**The task**
Down to the last line below, write out every line exactly, starting with the one that contains "А вдруг ты не знал…" and leaving out the pictures.

**Scraped caption text data**
BEGIN
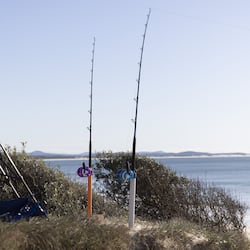 Fishing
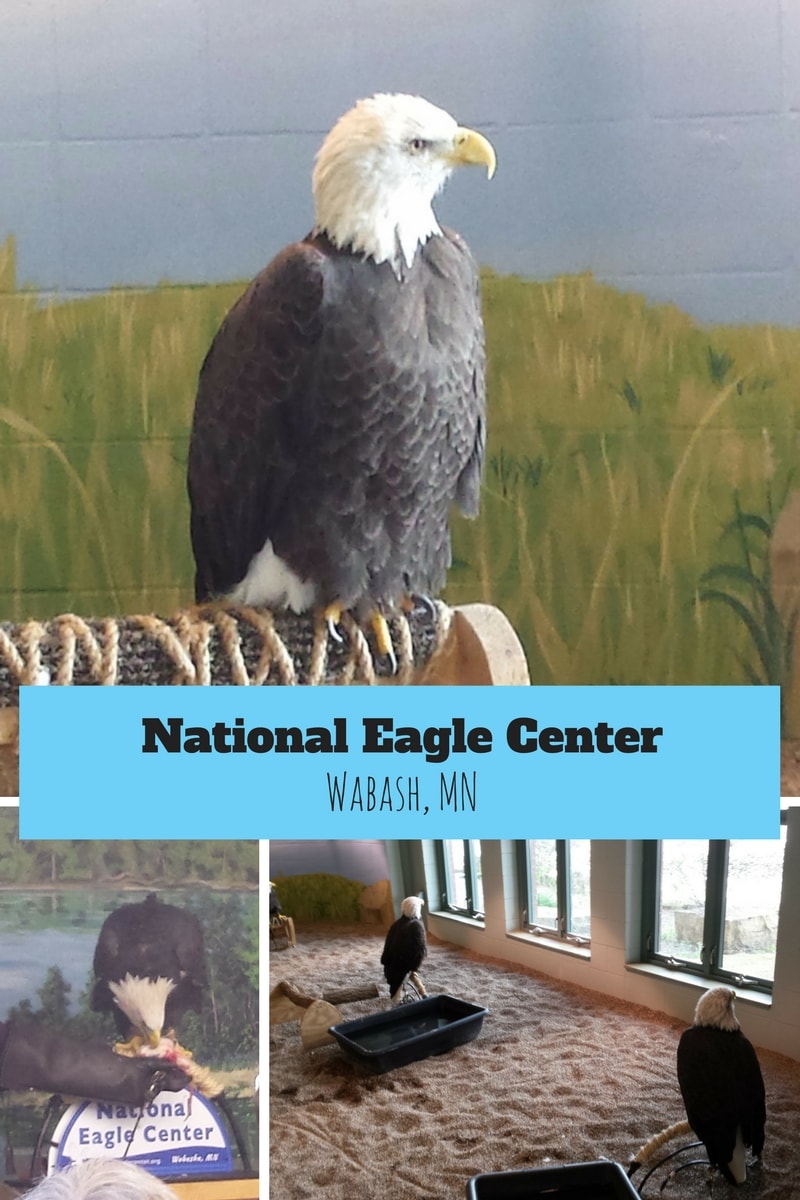 National Eagle Center in Wabasha
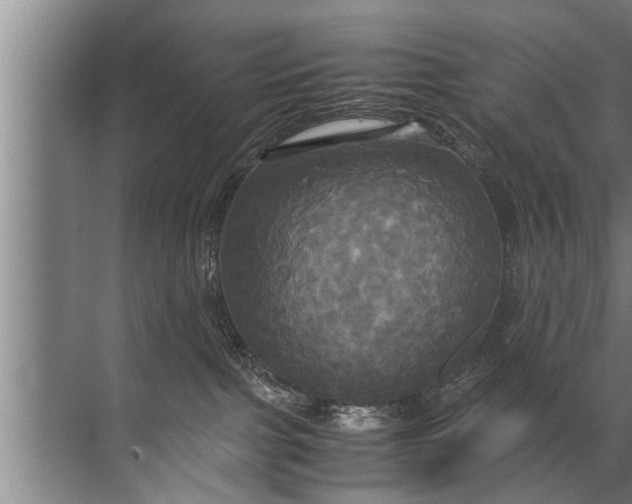 X0000072520091200607290209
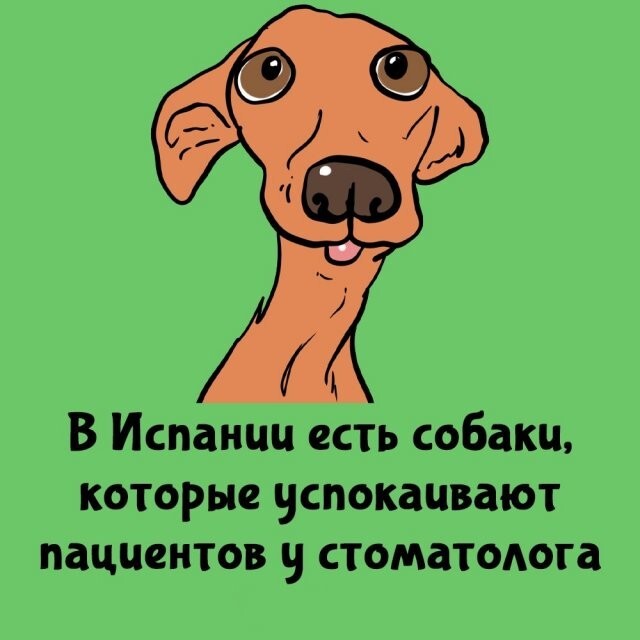 А вдруг ты не знал…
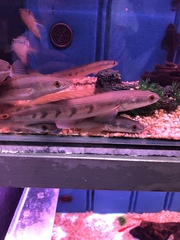 Channa marulioides
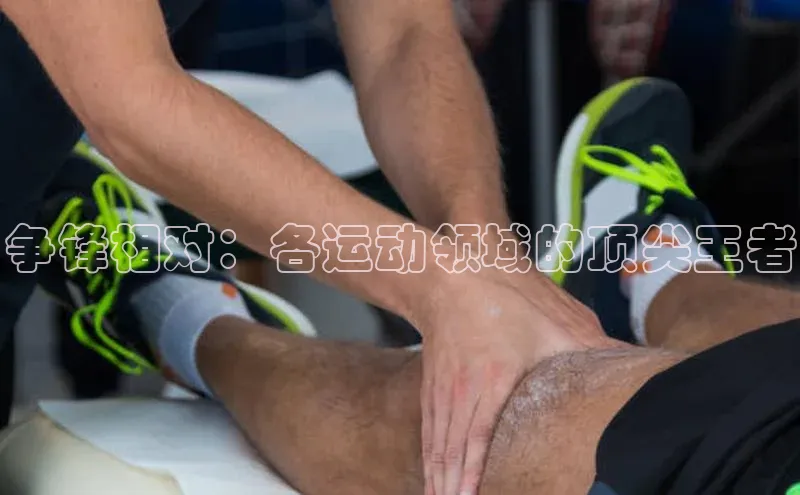 争锋相对：各运动领域的顶尖王者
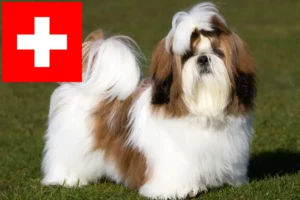 Přečtete si více ze článku Chovatelé shih tzu a štěňata ve Švýcarsku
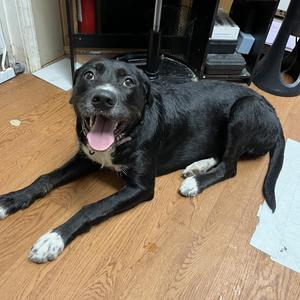Molly 4, Terrier, adult, available for adoption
END
**Result below**
 А вдруг ты не знал…
 Channa marulioides
 争锋相对：各运动领域的顶尖王者
 Přečtete si více ze článku Chovatelé shih tzu a štěňata ve Švýcarsku
Molly 4, Terrier, adult, available for adoption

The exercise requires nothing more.